Topic: Assessment, Personality, Selection
Publication: Industrial and Organizational Psychology
Article: Personality testing and Industrial Organizational Psychology: A productive exchange and some future directions.
Blogger: Benjamin Granger
In an overview of the current state of personality testing in organizations, Oswald and Hough (2008) take on several perspectives and present some important ideas for research and practice in the area of personality testing. Although their discussion involves many aspects of personality measurement, I will discuss two that are highly relevant for practice.
Broad vs. Facet-level Measurement Although the practice of personality testing has generally focused on the Big Five (extraversion, neuroticism, openness to experience, conscientiousness, and agreeableness), Oswald and Hough point out that each have sub-facets that can be very useful in predicting specific work outcomes. For example, extraversion contains sub-facets such as sociability, energy level, and dominance; facets that may relate to certain work-related criteria differently. The same idea likely holds for other personality traits like conscientiousness.
Bottom Line: If organizations are interested in predicting very broad job performance criteria (i.e., overall job performance) then broad personality measures are better. When criteria are narrow, then facet-level personality measures may be better.
Faking Self-Report Personality Tests Much has been made of the faking issue in personality testing, and we know that it does occur in certain situations (“Hmm, I’m not very outgoing, but I really need this job, so yea, sure, I’m outgoing!”). Because self-report measures of personality are known to be “fake-able,” Oswald and Hough outlined several advancements in personality measurement that reduce faking: (1) Forced-choice measures (computer adaptive tests that force applicants to choose between certain personality traits) and (2) Provide warnings of the potential consequences of faking (e.g., “If you fake, you’ll get placed in a job that won’t fit you!” or “Don’t be sneaky, we’ll catch you!”).

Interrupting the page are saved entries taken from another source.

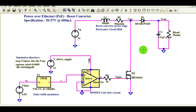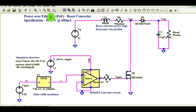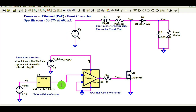Hello friends, welcome to Electronic Circuit Hub. Today we are going to understand one interesting topic: boost converter design for Power over Ethernet, commonly known as PoE. I will explain each block and at the end I will show you the output of this boost converter.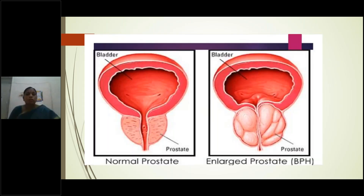Looking at this diagram: on the left side is the normal prostate. Observe the urethra — the prostatic urethra — surrounded by the prostate in normal size. On the right side diagram, the urethra is covered by the enlarged prostate due to benign prostatic hyperplasia. Here, the prostatic urethra has become mostly narrowed, compressed by the surrounding enlarged prostatic gland.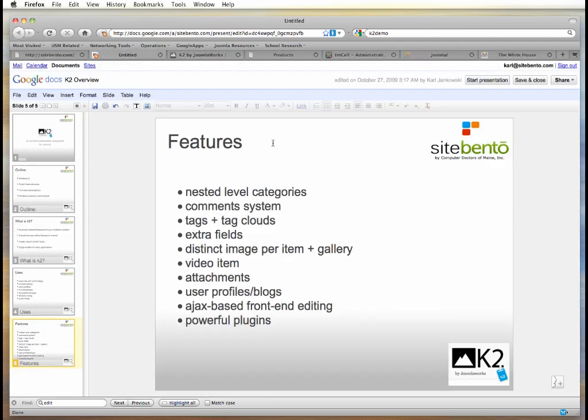The nested level categories are one of the reasons to use K2. But in addition to that, you have things like a sophisticated comment system, tags and tag clouds. The ability to add extra fields, which is priceless if you're dealing with products that have specifics that you want to share.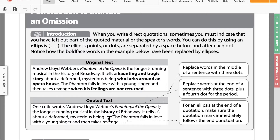You can also use a dot dot dot at the end of a sentence, plus a fourth dot for the period. If you do it at the end of a sentence, you need to use four dots because you have the period along with the three dots for the ellipsis. For an ellipsis at the end of a quotation, make sure the quotation mark immediately follows the end punctuation — just like when you're using a quote without ellipses, the quotation marks always go after the period. Because it's at the end of the quote, we still have four dots instead of just three.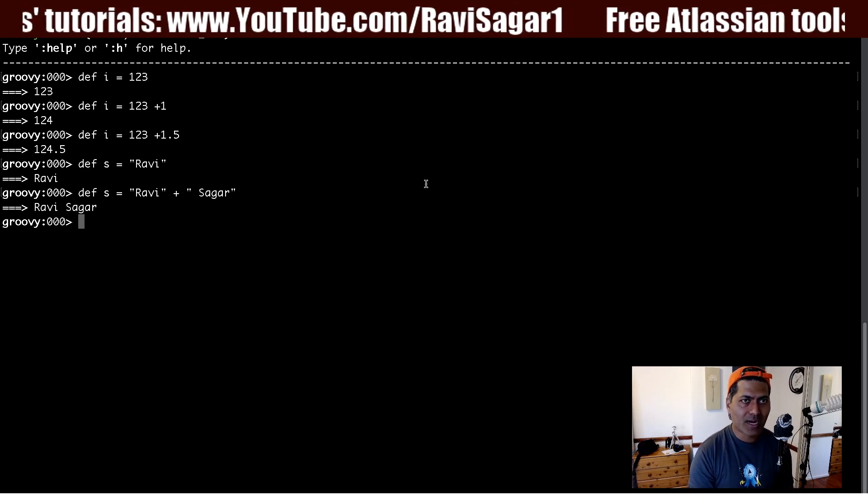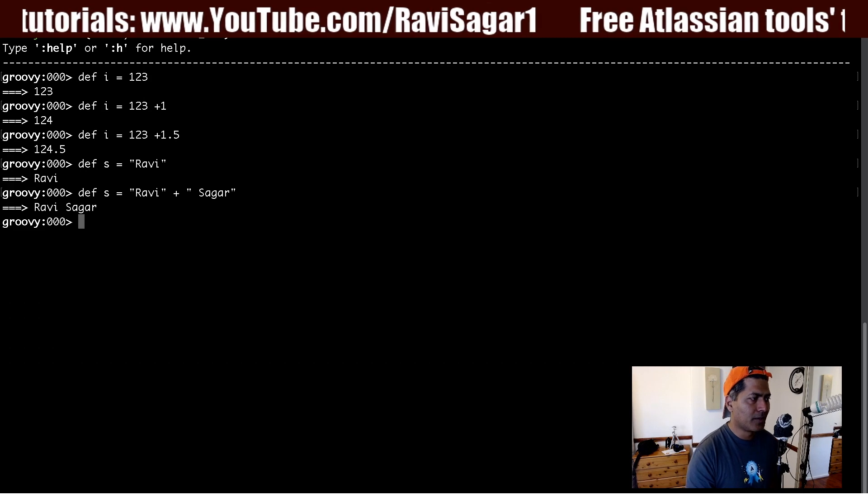We will continue discussing these things in other videos, where I will talk about what else you can do with Groovy and how it differs from Java. If you are trying to learn Groovy and are focused on getting things done, you can definitely watch my videos and hopefully learn wonderful things with this nice language called Groovy. I hope you found this video useful and learned something new today. Thank you very much.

Bottom Line: Self-report personality measures are “fake-able”, but there are some useful and interesting alternatives (e.g., forced choice computer adaptive measures and warnings). However, when these methods are used, more negative test-taker reactions may result.
Oswald, F. D., & Hough, L. M. (2008). Personality testing and Industrial Organizational Psychology: A productive exchange and some future directions. Industrial and Organizational Psychology Perspectives on Science and Practice, 1(3), 323-332.